5. November 2025

Centre Marc Bloch - Tillon-Saal

The Subterranean sublime: Understanding the Visual Politics of Groundwater Governance in the Twentieth Century

Sam Hege

This talk will interrogate the notion that groundwater is an inherently democratic resource by examining the historical development of the Ogallala Aquifer in the U.S. Southern Plains. While aquifers are celebrated for their capacity to help reclaim new territories and empower small-scale water users, their persistent overextraction reveals a wider inability to sustainably govern this resource. Through a close analysis of the photographs and maps that have been used to build a visual record of the Ogallala aquifer, one of the most controversial instances of groundwater development, this essay explores how the politics of representation have been used to build racialized and gendered subjectivities centered on white male ownership and stewardship.
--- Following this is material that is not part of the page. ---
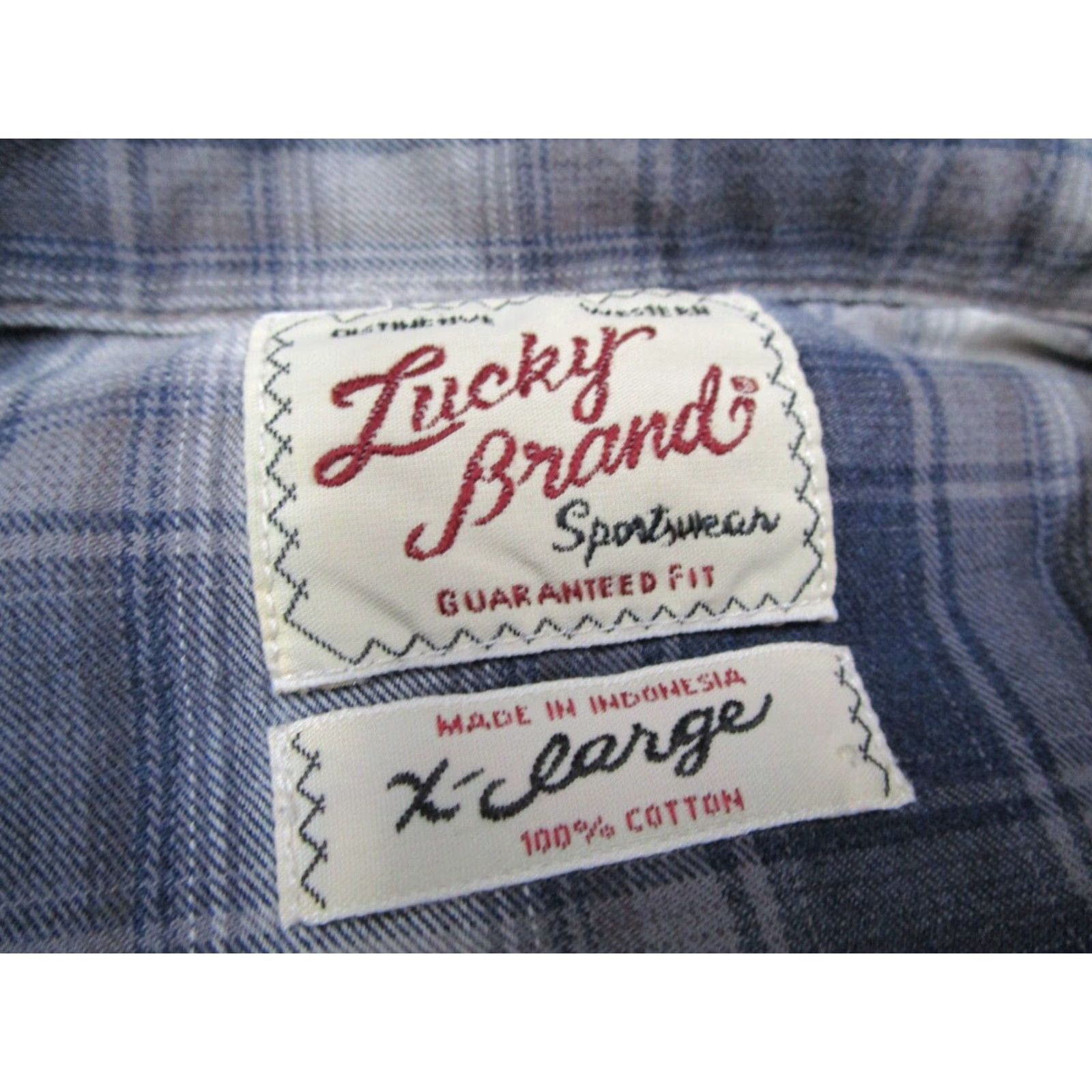 Lucky Brand Lucky Brand Shirt Mens XL Blue Plaid Button-Up Western Style with Pearl Snaps Size US XL / EU 56 / 4 - 3 Thumbnail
These images, produced as part of speculative property schemes and regulatory debates, framed underground water as a tool for transforming both material and social relations above the surface. By tracing how this visual language took root, this essay argues that groundwater’s seeming resistance to sustainable governance is not a product of its physical properties, but rather the outcome of historically constructed power relations and capitalist logics.

 

Dr. Sam Hege is a Postdoctoral Fellow at Max-Planck-Institut für Wissenschaftsgeschichte (MPIWG) in Department “Knowledge Systems and Collective Life” and a member of the “Environmental Knowledge in Times of Crisis” Research Group.